WMSPanel Moves Wowza Control and Reporting Into The Cloud
Clouds and SaaS are hot topic these days so the dilemma of “owned vs. rented” assets also becomes very important. Every company uses solutions that might be divided into two wide categories: critical (you can’t live if they fail) and optional (good things which make your life less complicated). So more and more optional assets are moved to some outsourcing for SaaS products. Even key pieces of the video ecosystem like media servers are becoming cloud-enabled, like Wowza on Amazon AWS, and there are a variety of tools and options for analytics and control in the cloud.
WMSPanel (wmspanel.com) is a company that was started almost two years ago as a reporting project for Windows Media Services. From the very beginning it was designed as SaaS solution and unlike traditional server software analytic tools, it was made as a multi-tier system with an “agent” running on the media server-side and a controller/processing/presentation system built as a web application. No log parsing is required, you can just take any data a media server may spit out and push it to central server. This allows customers to avoid any processing overhead or having to allocate any special computation and storage resources. In addition, since only a delta of information is sent between two parts of the system, there’s no traffic overhead either.
The plugin ideology has served WMSPanel well before as the team had already open-sourced their WMSAuth Windows Media plugin (wmsauth.org) for links re-publishing protection.

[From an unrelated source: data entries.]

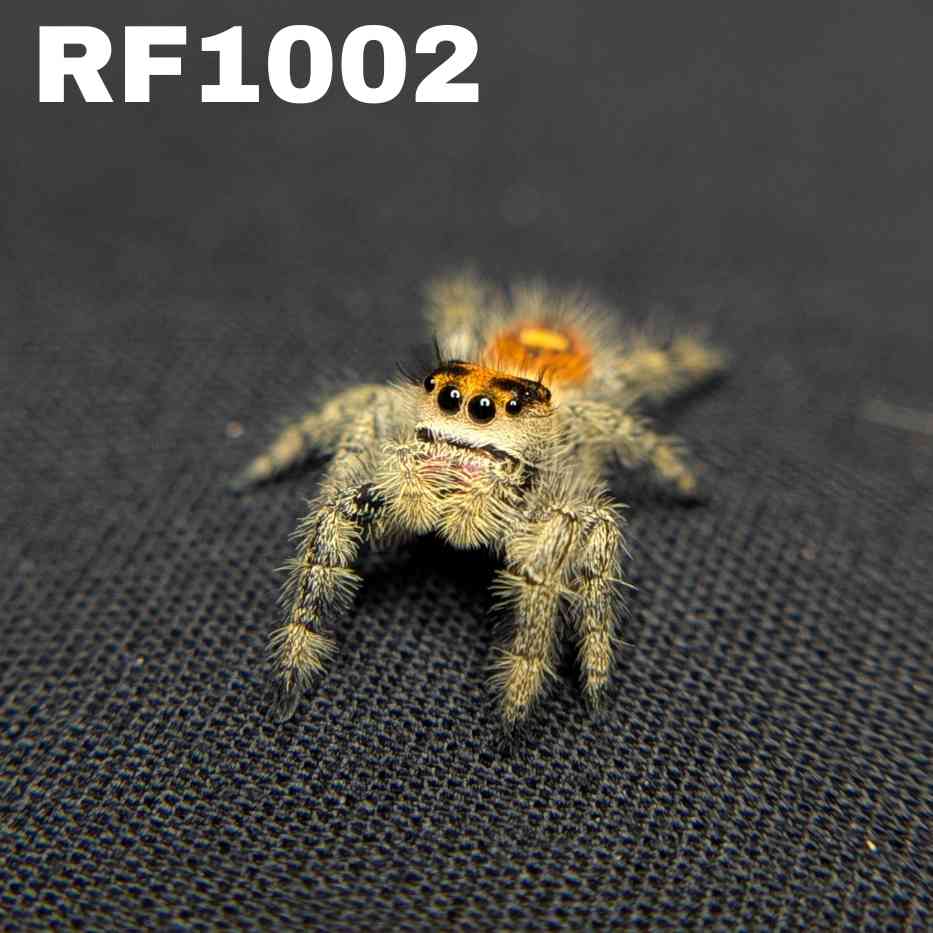 Regal Jumping Spider "Sunset"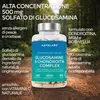 Aavalabs Glucosamina Condroitina MSM | Boswellia | Anteprima dell’immagine prodotto 7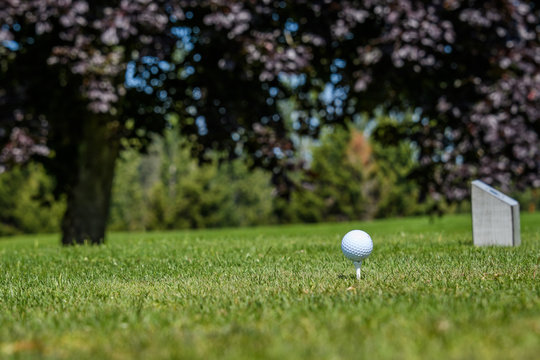 Side view of golf ball, tee, and tee box marker on the tee with deciduous tree in the background
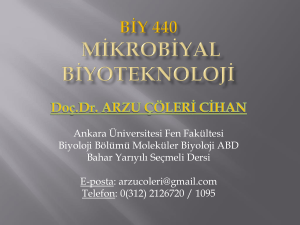 Mikrobiyal ekoloji - Ankara Üniversitesi Açık Ders Malzemeleri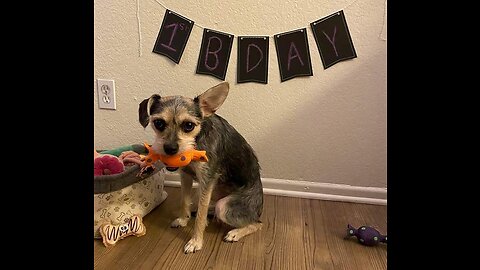 Maya's Toy Reviews - Maya's 1st Birthday!!!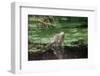 Green Leguan-Reinhard Dirscherl-Framed Photographic Print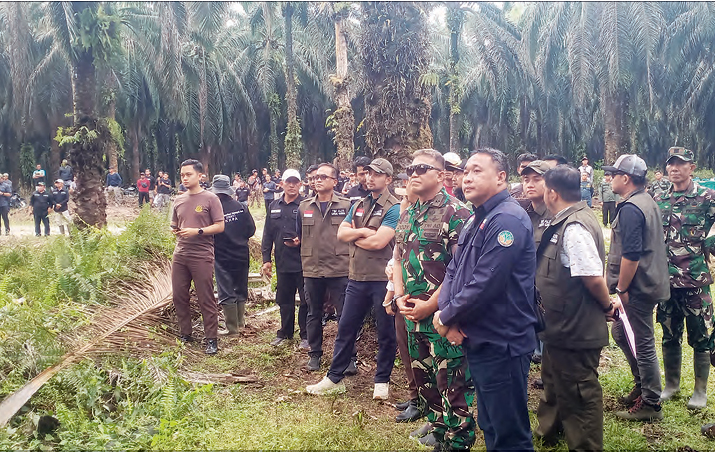 Komandan Satuan Tugas Penertiban Kawasan hutan Mayjen TNI Dody Triwinarto dan jajaran menyaksikan penumbangan dan reforestasi.
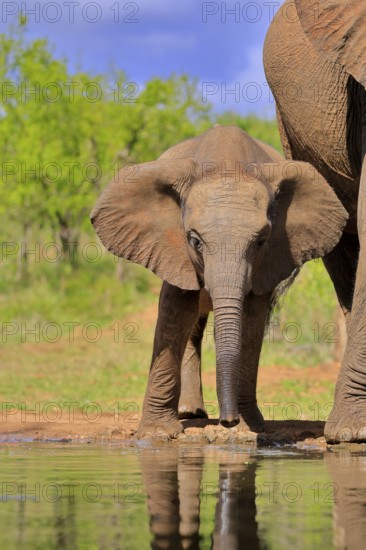 African elephant (Loxodonta africana), young animal, mother, young animal with mother, at the water, drinking, Kruger National Park, Kruger National Park, South Africa, Africa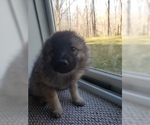 Small Photo #3 Keeshond Puppy For Sale in WANAQUE, NJ, USA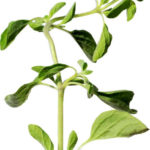 The strong aroma of oregano is pungent and the taste is warm, spicy and bitter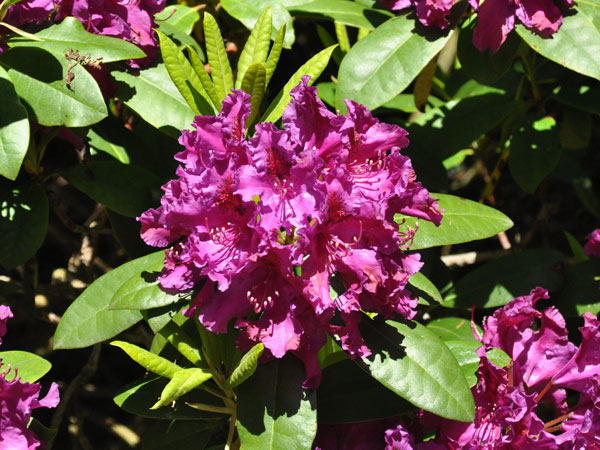 rhodo-azurro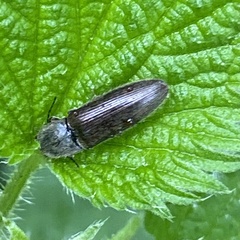 Athous haemorrhoidalis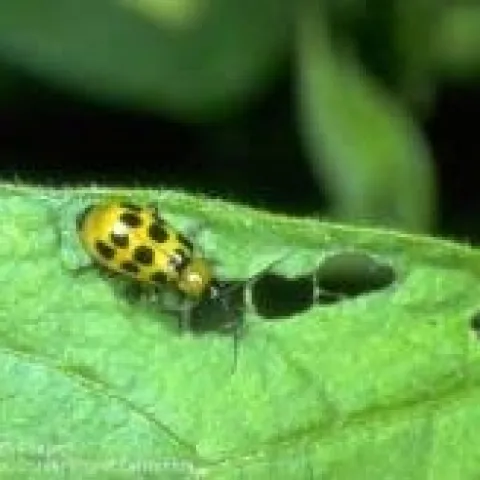 And here's a cucumber beetle having lunch--or maybe dinner (UC ANR)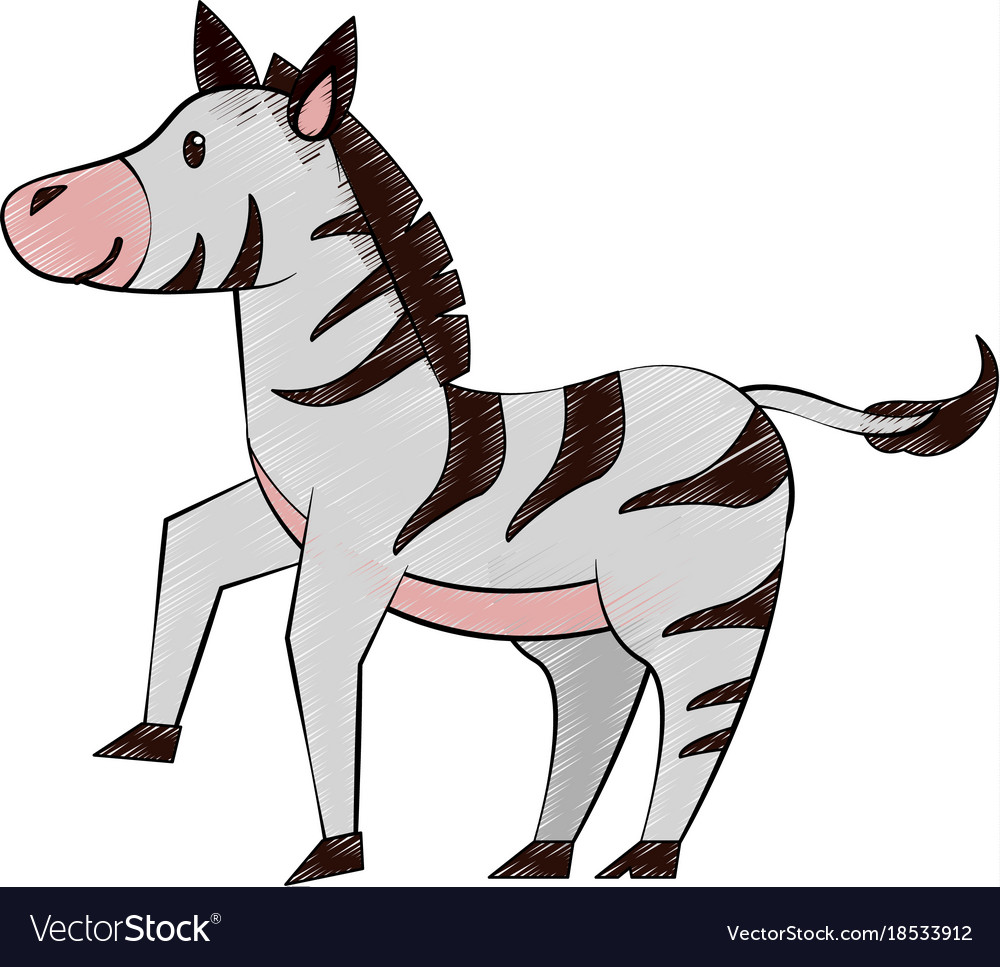 Cute zebra cartoon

Having this SaaS-powered idea and the first working prototype WMSPanel launched a promo site to move it towards potential customers in early 2011. As basic reporting for WMS was available, the team started evaluation of Wowza Media Server knowing its great solution capability, mature partner ecosystem and huge market share. So by the end of 2011 they had Wowza reporting capable of showing basic statistics.
Having a proven approach of “agent-controller” chain, the team made another step forward and started implementation of server management capabilities. The agent takes commands from the central server and since the agent is a Wowza server add-on, it’s able to do a number of things which may otherwise only be done via an SSH or JMX connection. Every common operation, which usually requires manual log into the server, can easily be done online via the web control panel, with just a few clicks. The company says users of the system can see server VHost and applications structure, create new accounts, change or delete existing applications and their instances and has a full set of control operations, without needing any server access for manual app restart, since everything is done from the panel itself.

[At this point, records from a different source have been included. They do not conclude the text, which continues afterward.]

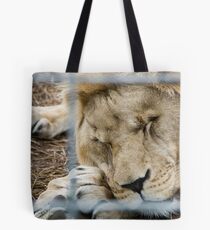 Sleepy Lion - Zoo Arcachon Tote Bag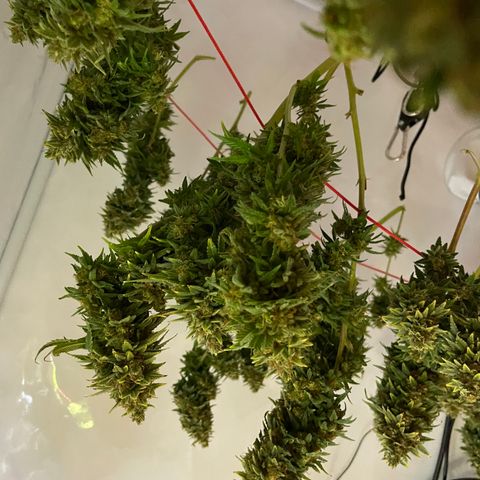 K33 growlog timeline photo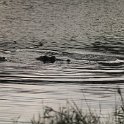 IMG 6871  hippos : kruger park, nijlpaard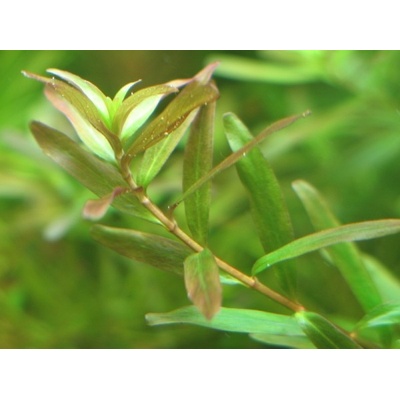 Rotala sp. Ceylon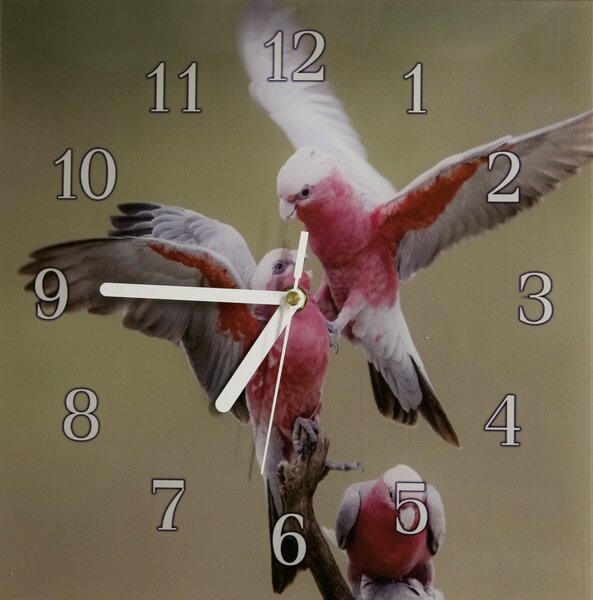 Nástěnné hodiny papoušek 30x30cm XXXVII - plexi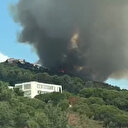 Maltepe'de orman yangını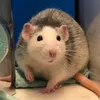 Rattyhome 🐀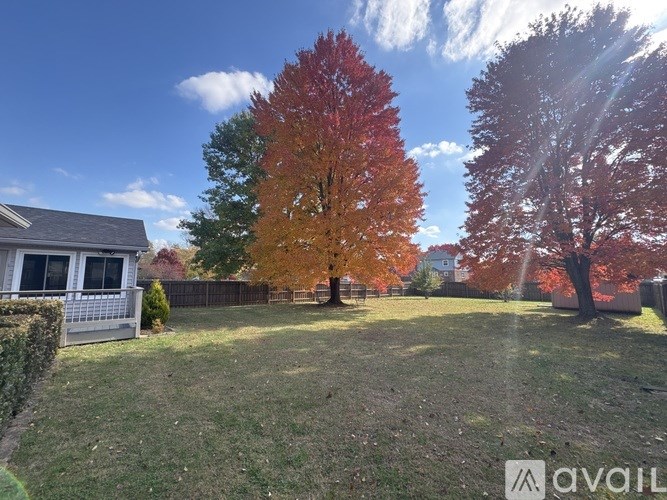 A backyard with a tree and a house.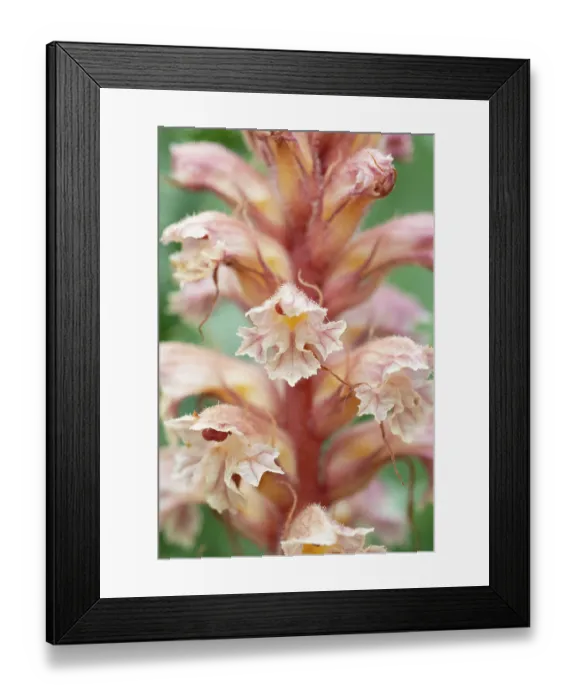 Framed Print : RF - Amethyst broomrape (Orobanche amethystea) in flower, Nijmegen, The Netherlands. May. (This image may be licensed either as rights managed or royalty free.)
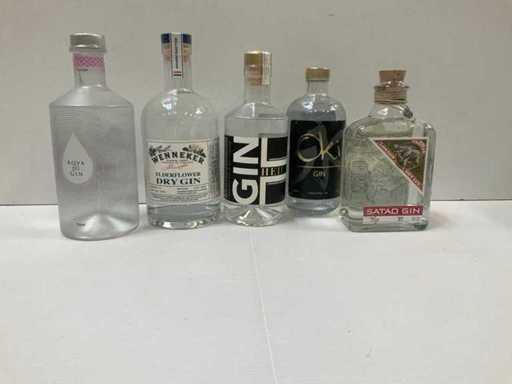 Gin (5x)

Another advantage is that the WMSPanel is a central place for all operations, which mean you can apply most of the management features to multiple servers at one time. So if you create an application on an origin server or change its configuration, you can apply this operation to all of the edge servers as well. Once a stream is added in the config, all of the existing servers can know about it right away. The WMSPanel team then applied their existing WMSAuth feature set to Wowza and expanded it with simultaneous connections count limit, geo-location and IP-range limitations, and the same proven links re-publishing protection.

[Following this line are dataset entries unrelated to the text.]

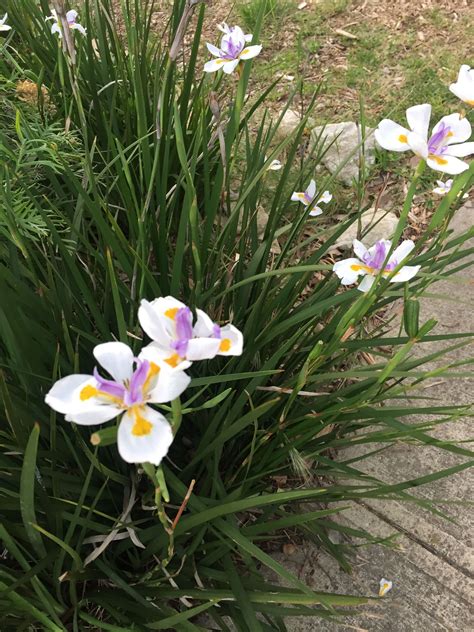 butterfly iris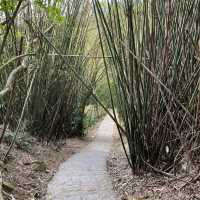 🌟台北天母｜天母古道 水管路步道 翠峰瀑布 健行親山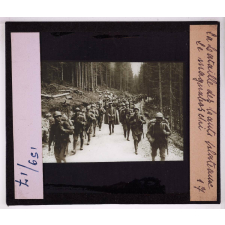 La Bataille des hauts plateaux de l'Adige à la Brenta (mai - juillet 1916). Le Magnaboschi.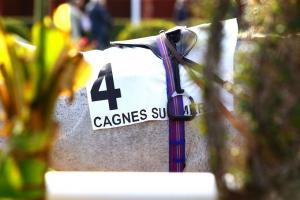 Harmless & Mariafoot open the 2020 French Pattern program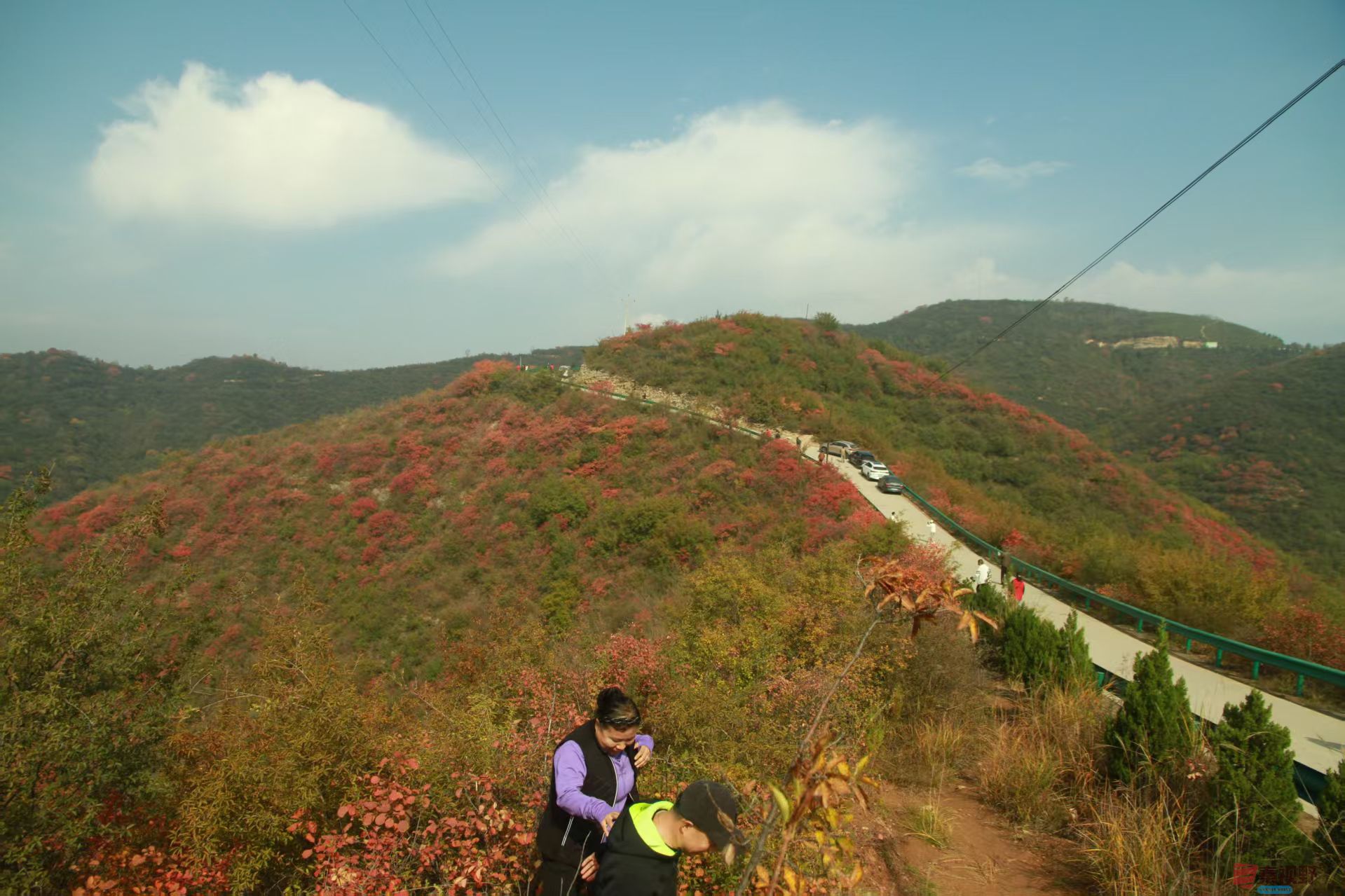 伍卸凤_20251103093738_2646_463 (7).jpg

WMSPanel has reporting capabilities, real-time, high-detail and daily statistics, with a lot of flexibility in reporting options. Duration analysis might be especially interesting for those who like to know more about their visitors and statistics may be cut to “data slices” to see any aspect of applications usage. And for stream hosting resellers, the control panel may be provided as white label service since some customers prefer showing stats to their clients via custom domains and separate user accounts. Another advantage of the WMSPanel web interface is that it enables all the feature set to work on iOS and Android devices, without the need for Flash or Silverlight for the UI, instead using just HTML and AJAX, something that should be highly appreciated by Apple users.
It’s taken WMSPanel less than a year from making the initial version of their Wowza agent to becoming a Wowza product partner thanks in part to what WMSPanel says is a good approach by Wowza to work with anyone who brings a good user experience and valuable solution to the Wowza partner ecosystem.
At this moment WMSPanel processes data from hundreds of Wowza servers doing hundreds of thousands of streams. As a result that means big performance challenges for access control and reporting features but that’s where the cloud-based infrastructure allows the solution to easily scale. Compare that to traditional statistics and control solutions which a customer’s system administrator must install, maintain and tune to meet new portions of logs data. The WMSPanel team takes the responsibility of scaling the solution and guarantees robustness and availability – not bad considering that WMSPanel has a starting price of only twenty bucks.